I'm aware of, and commend the member for, his strong advocacy on that. I too am experienced in the use of these devices. I believe they can save lives. There are, of course, issues of cost and jurisdiction that need to be addressed, but the member's advocacy is very valuable.

1:35 p.m.

Conservative

Scott Reid Conservative Lanark—Frontenac—Kingston, ON

I hope the advocacy of the House of Commons as a whole is also valued.

On January 21, 2018, the House of Commons unanimously voted “That...within twelve months...the government should follow the example of other Canadian police services and act to save hundreds of lives each year by equipping all RCMP vehicles with...defibrillators...”.

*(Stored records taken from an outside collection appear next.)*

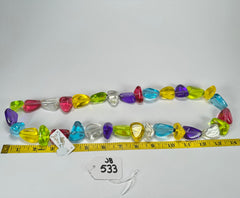 Jackie Brazil "Diamonds" Transparent Paris Mix Flintstone Bone 80cm Necklace ( N0080 )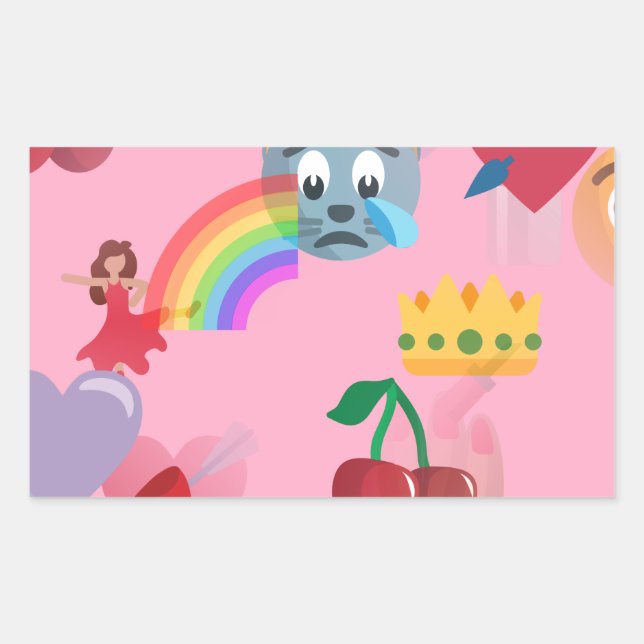 Sticker Rectangulaire emoji fille (Devant)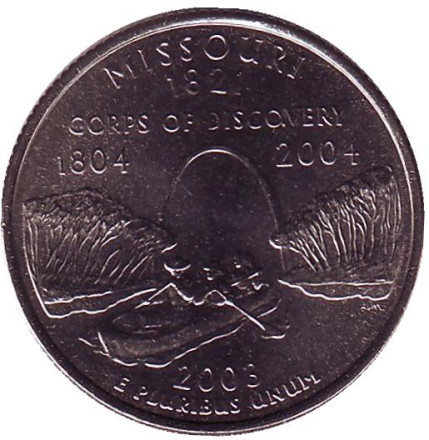 Монета 25 центов (D). 2003 год, США. Миссури. Штат № 24.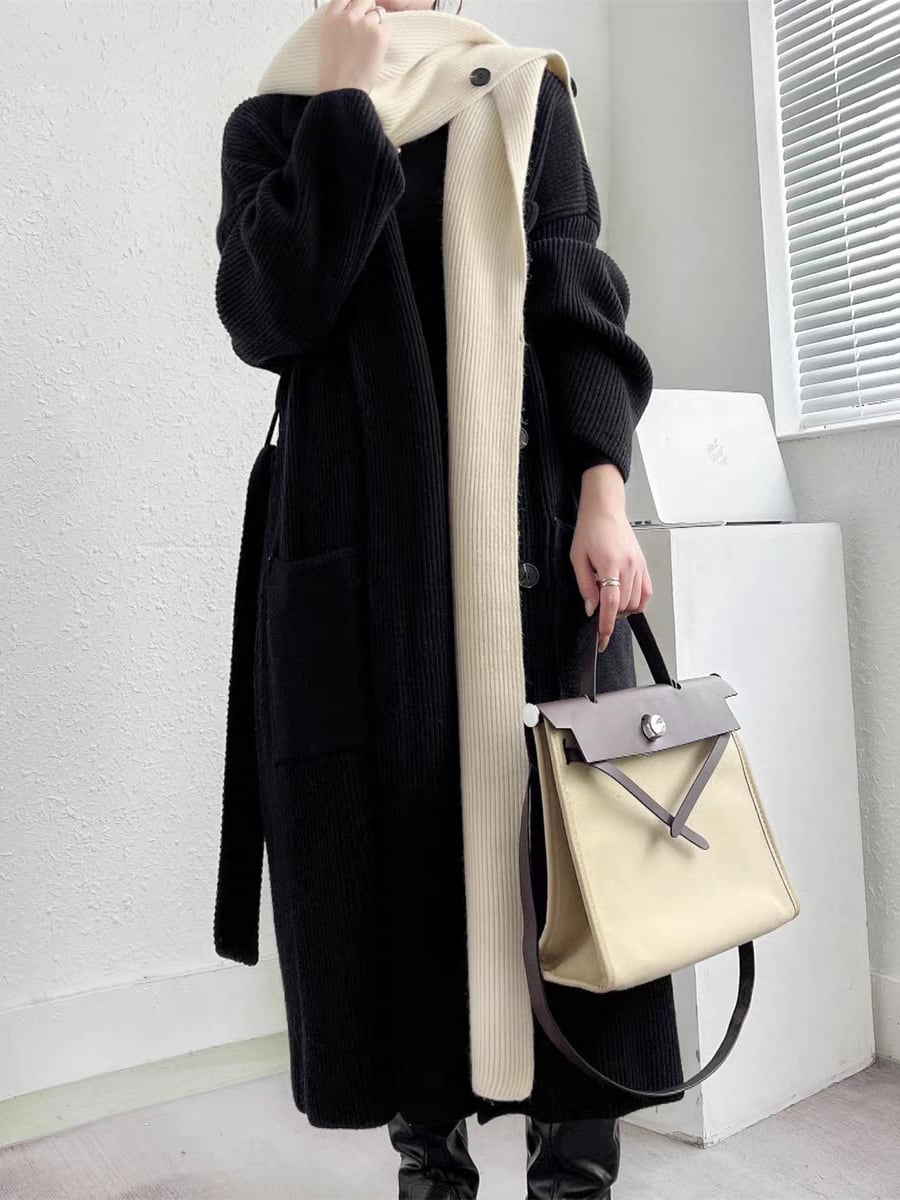 【outer】ドッキングロング丈ニットカーデ　M18270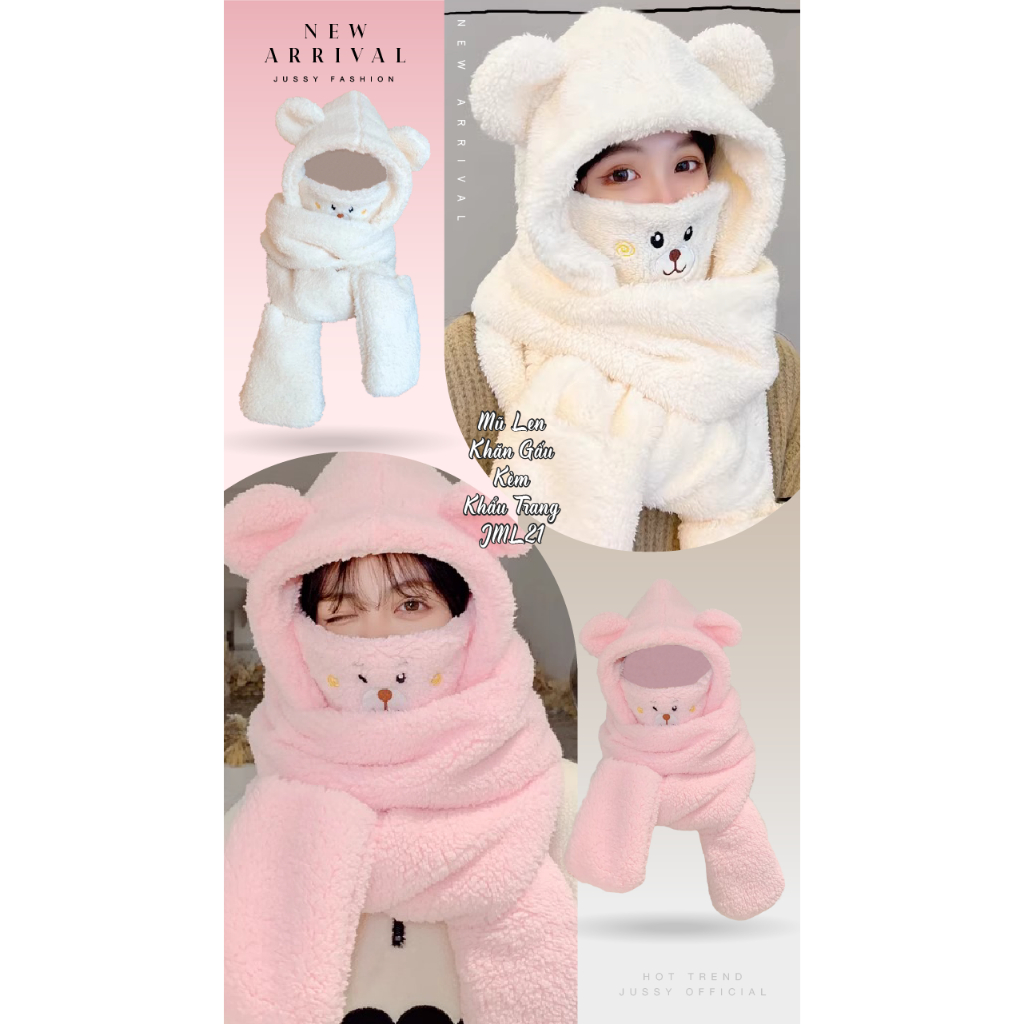 Mũ Len Tai Gấu Trùm Đầu JML21 Kèm Khăn, Khẩu Trang Và Găng Tay 4 Trong 1 Jussy Official Mũ Gấu Len Lông Dày Mịn Ấm Áp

That was over 24 months ago. Why has the government failed to act on the unanimous advice of the House of Commons?

1:35 p.m.

Liberal

Bill Blair Liberal Scarborough Southwest, ON

I again thank the member for his strong advocacy on this. It's an issue that is under discussion with the RCMP. There are a number of operational issues that need to be addressed within the police service, and priorities made on the expenditure of funds, but we are aware of the strong support of the House for this measure.

1:35 p.m.

Conservative

Scott Reid Conservative Lanark—Frontenac—Kingston, ON

The priority of funding is an excellent question, Mr. Chair. It will cost approximately a billion dollars to renovate Centre Block. I believe that's accurate. It will cost $5 million to put these AEDs, defibrillators, into all police cruisers. This would save 300 lives per annum. Is the cost of saving 300 lives per annum—one half of 1% of a billion dollars—more or less important than renovating Centre Block?

1:40 p.m.

Liberal

Bill Blair Liberal Scarborough Southwest, ON

I certainly wouldn't want to debate the member on the value of a human life. I believe it is very important that we do everything necessary, and our first responsibility is the preservation and sanctity of life. There are a number of important operational considerations that the RCMP will undertake.

1:40 p.m.

Liberal

The Chair Liberal Anthony Rota

Mr. Reid, you have 30 seconds.

1:40 p.m.

Conservative

Scott Reid Conservative Lanark—Frontenac—Kingston, ON

I'm wondering if [Inaudible--Editor] within the 24 months that took place since this matter was raised unanimously in the House.

I have this question for the minister. There are 5,600 RCMP vehicles. It would cost $5 million to save 300 lives per annum. A defibrillator lasts about 10 years and saves on average during its 10-year lifespan one life per every 1.7 defibrillators installed. Is this or is this not a priority that the Prime Minister will deal with by the end of this year?